BEGIN
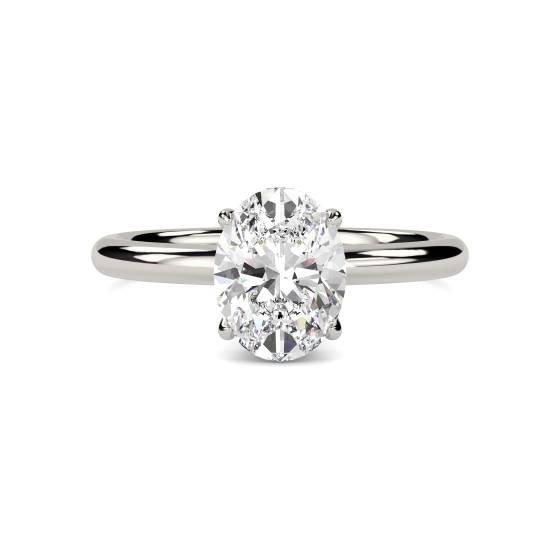 5.44ct VVS2/D Lab Grown Oval Cut Diamond Hidden Halo Ring in Platinum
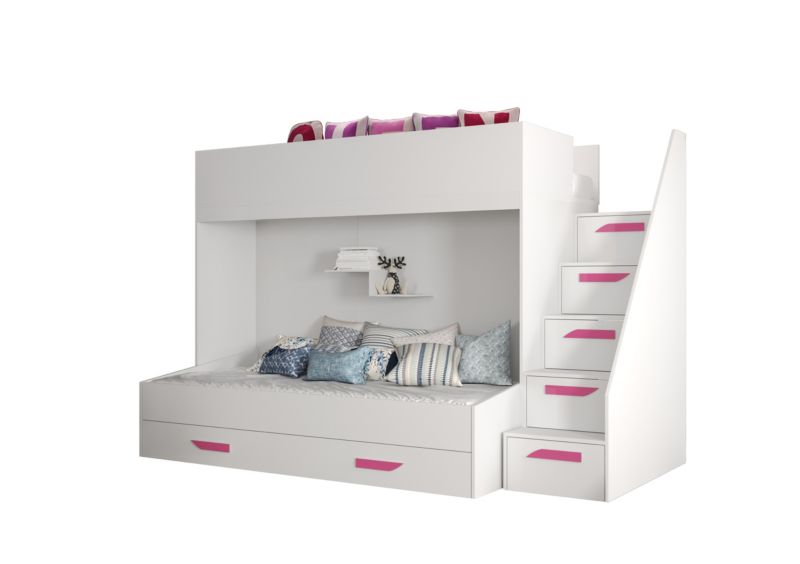 Łóżko piętrowe Antresola Abiks PARTY 16 biały + biały + różowy 1 szt.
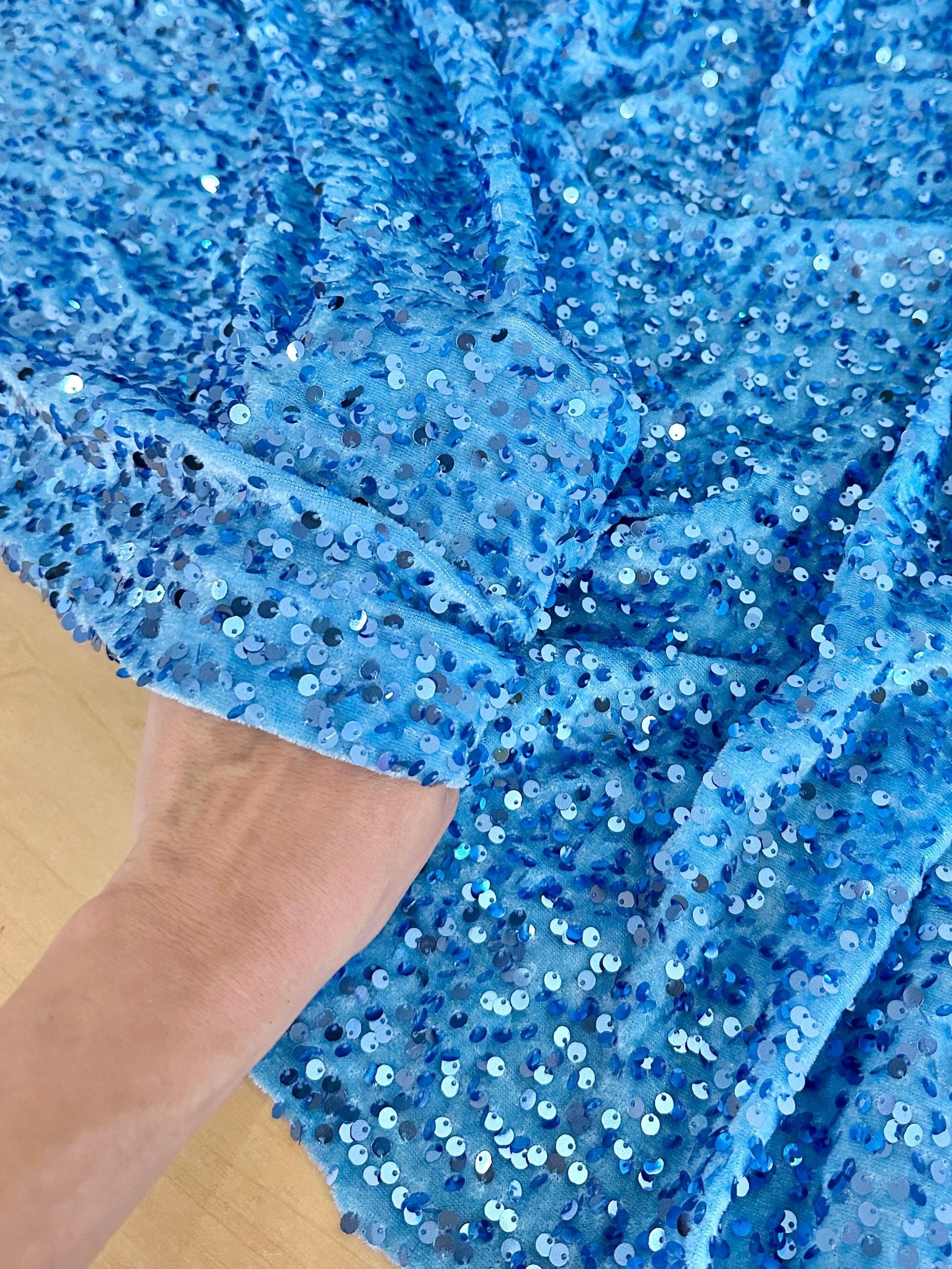 Baby Blue Sequins Velvet - Image 6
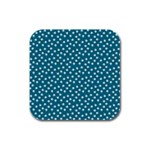 Teal White Floral Print Rubber Square Coaster (4 pack)  Front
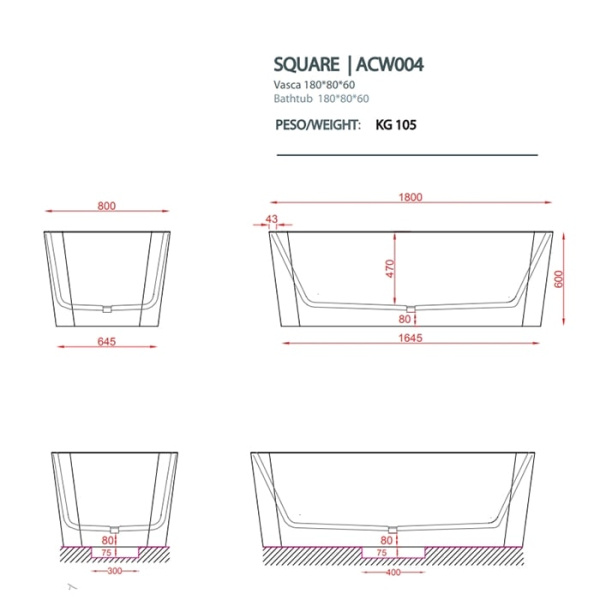 Ванна отдельностоящая Artceram Square 180х80 ACW004 05 bi matt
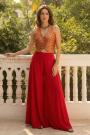 Red Crepe Silk Zari Woven Waistcoat Style Top With Palazzo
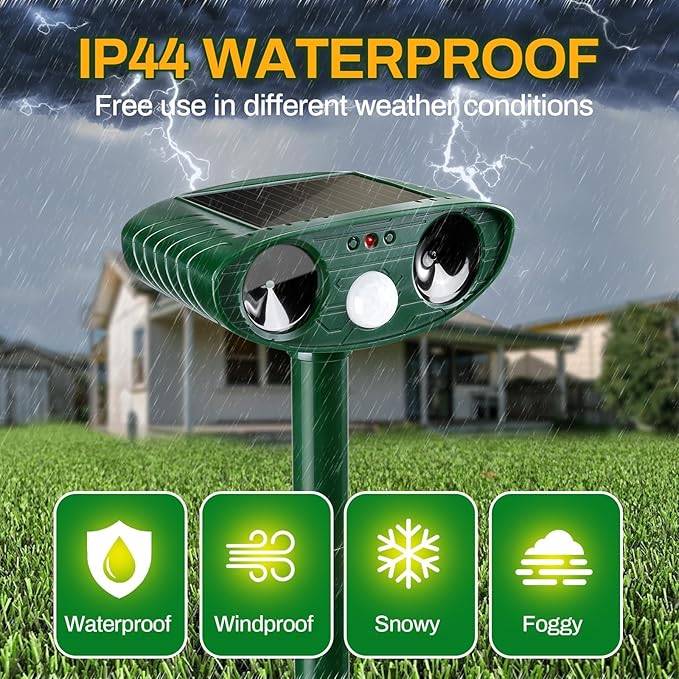 4 Pack Ultrasonic Animal Repellent Outdoor Deer Repellent Devices Ainimal Deer Cat Deterrent with Motion Sensor to Repel Squirrel Dog Rabbit Raccoon Repellent for Yard Garden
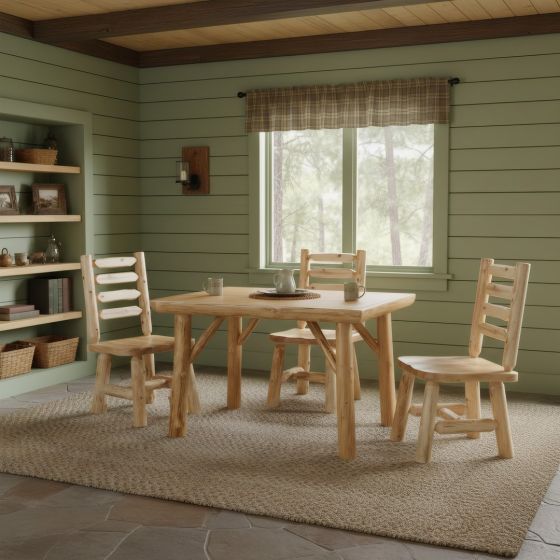 Rustic Cedar Kitchenette Table: Some lifestyle images are created with AI for visualization purposes. Crafted from natural solid wood, each piece is unique and will vary.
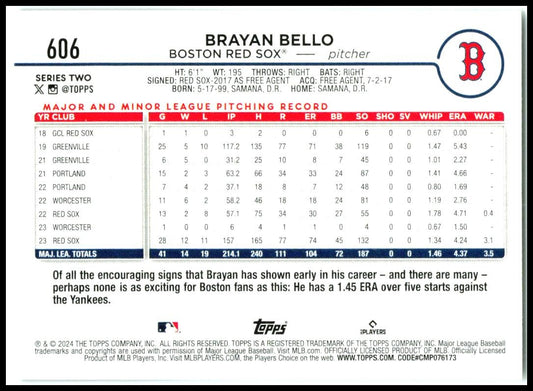 2024 Topps #606 Brayan Bello Boston Red Sox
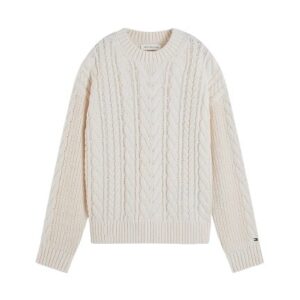 Maglione con trecce e logo sul retro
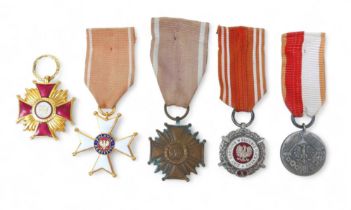 A group of five Polish orders and medals, comprising Knight's cross, Order of Polonia Resituta,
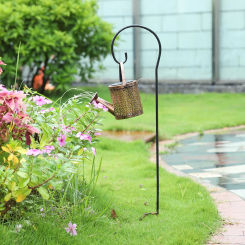 Solar Garden Light Bracket Stand Outdoor Camping Hanging Lantern Hanger Hook Decor Garden Solar Lamp Lawn Lamp Metal Support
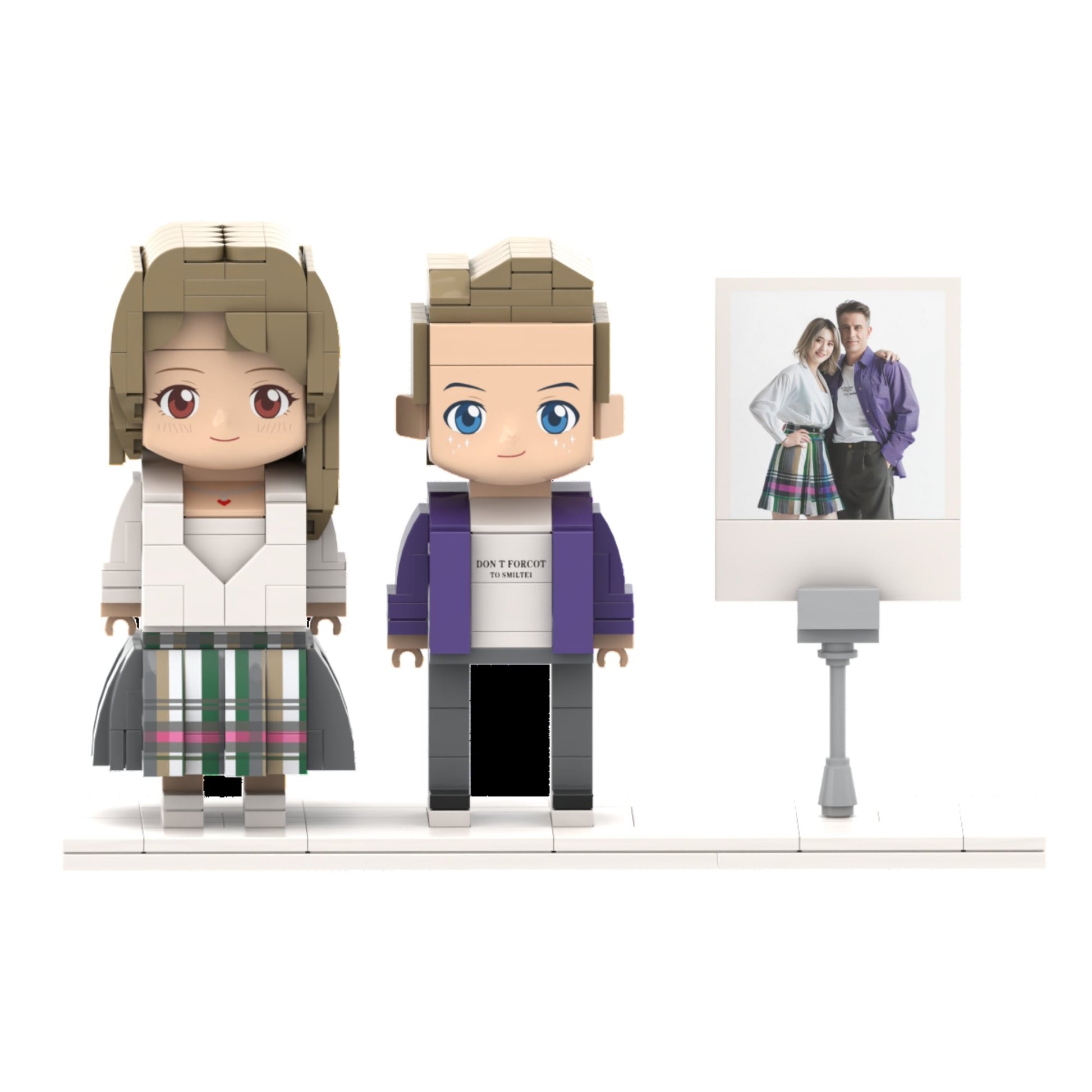 [ROUNDME] Full Body photo customizable Creative Gift Couple Brick Figures with photo frame for couple's anniversary, Create Your Own Unique Characters - OOOMG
END
■ **Description of the task**
Going by the entries above, repeat exactly the lines that start at the line with "A group of five" and go on through the line with "Solar Garden Light". Pictures are not part of the copy.

■ **Answer area**
 A group of five Polish orders and medals, comprising Knight's cross, Order of Polonia Resituta,
 Solar Garden Light Bracket Stand Outdoor Camping Hanging Lantern Hanger Hook Decor Garden Solar Lamp Lawn Lamp Metal Support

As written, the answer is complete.